[[ Excerpted data open ]]

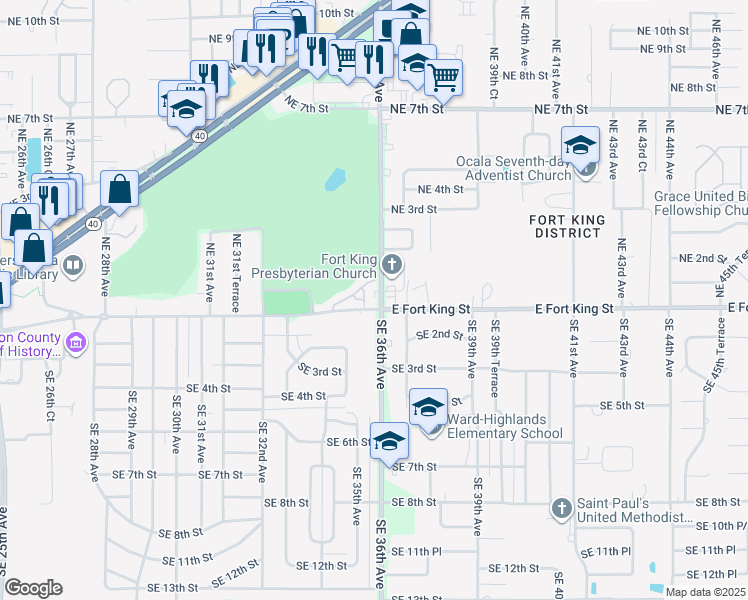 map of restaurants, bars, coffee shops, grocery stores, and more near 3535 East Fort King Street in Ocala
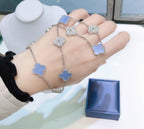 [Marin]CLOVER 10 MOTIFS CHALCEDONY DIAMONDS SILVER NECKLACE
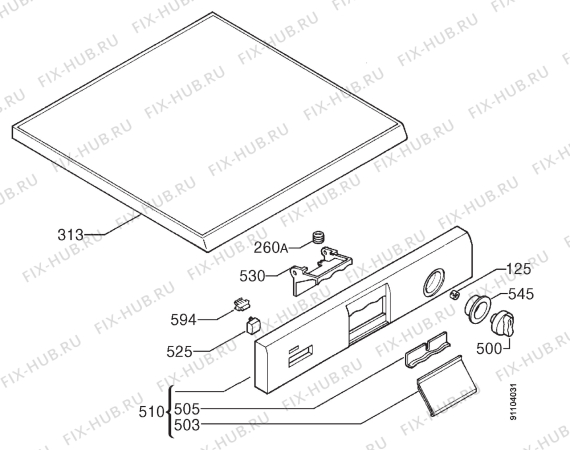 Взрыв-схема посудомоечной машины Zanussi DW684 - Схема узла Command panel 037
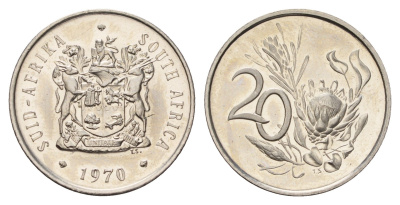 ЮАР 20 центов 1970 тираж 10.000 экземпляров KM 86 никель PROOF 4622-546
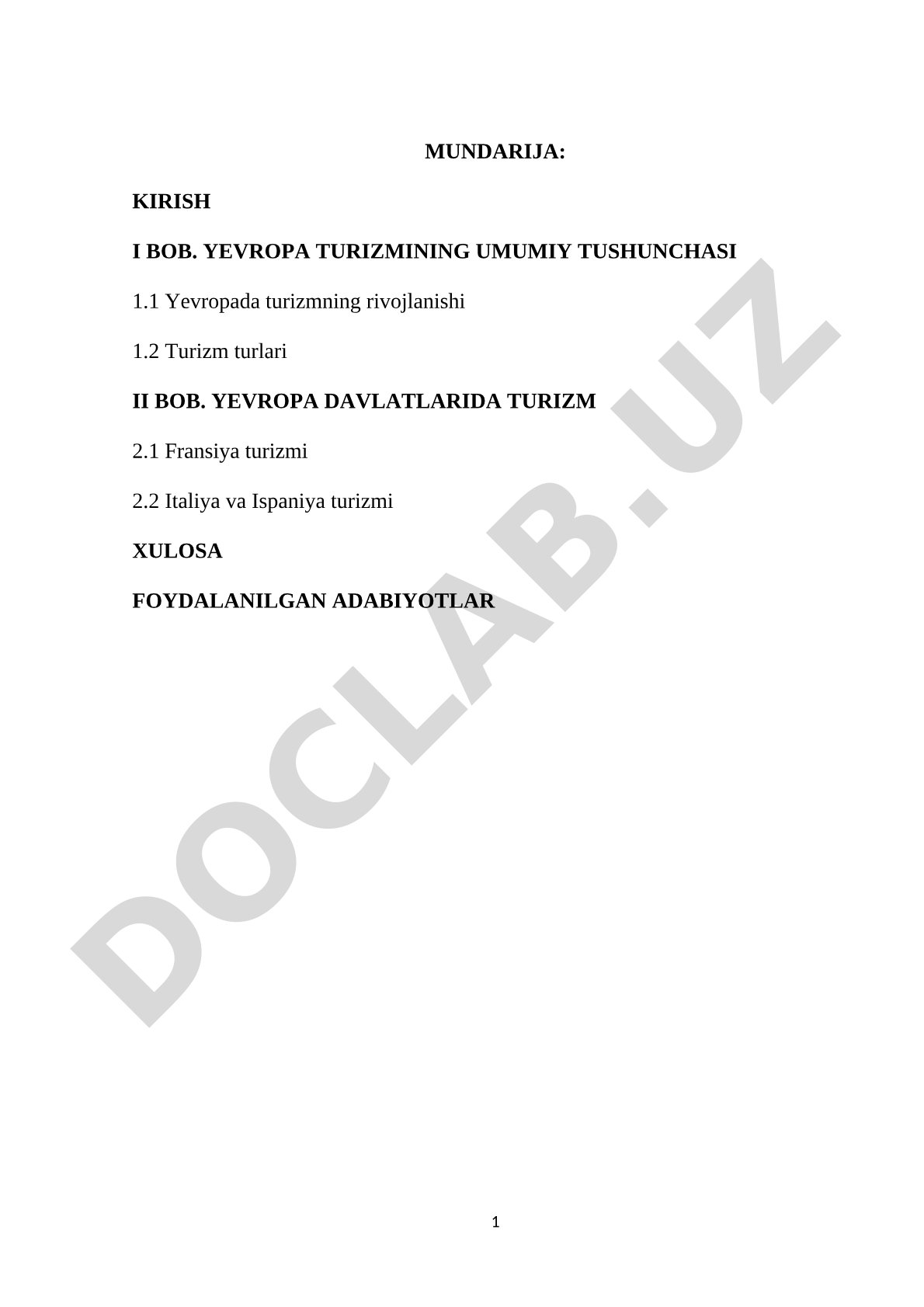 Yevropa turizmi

[[ Excerpted data closed ]]

Your goal:
Write out exactly the lines beginning with the line that holds "Взрыв-схема посудомоечной машины" and ending with the final line of the data, both ends included, without the pictures.

Result of this task:
 Взрыв-схема посудомоечной машины Zanussi DW684 - Схема узла Command panel 037
 ЮАР 20 центов 1970 тираж 10.000 экземпляров KM 86 никель PROOF 4622-546
 Yevropa turizmi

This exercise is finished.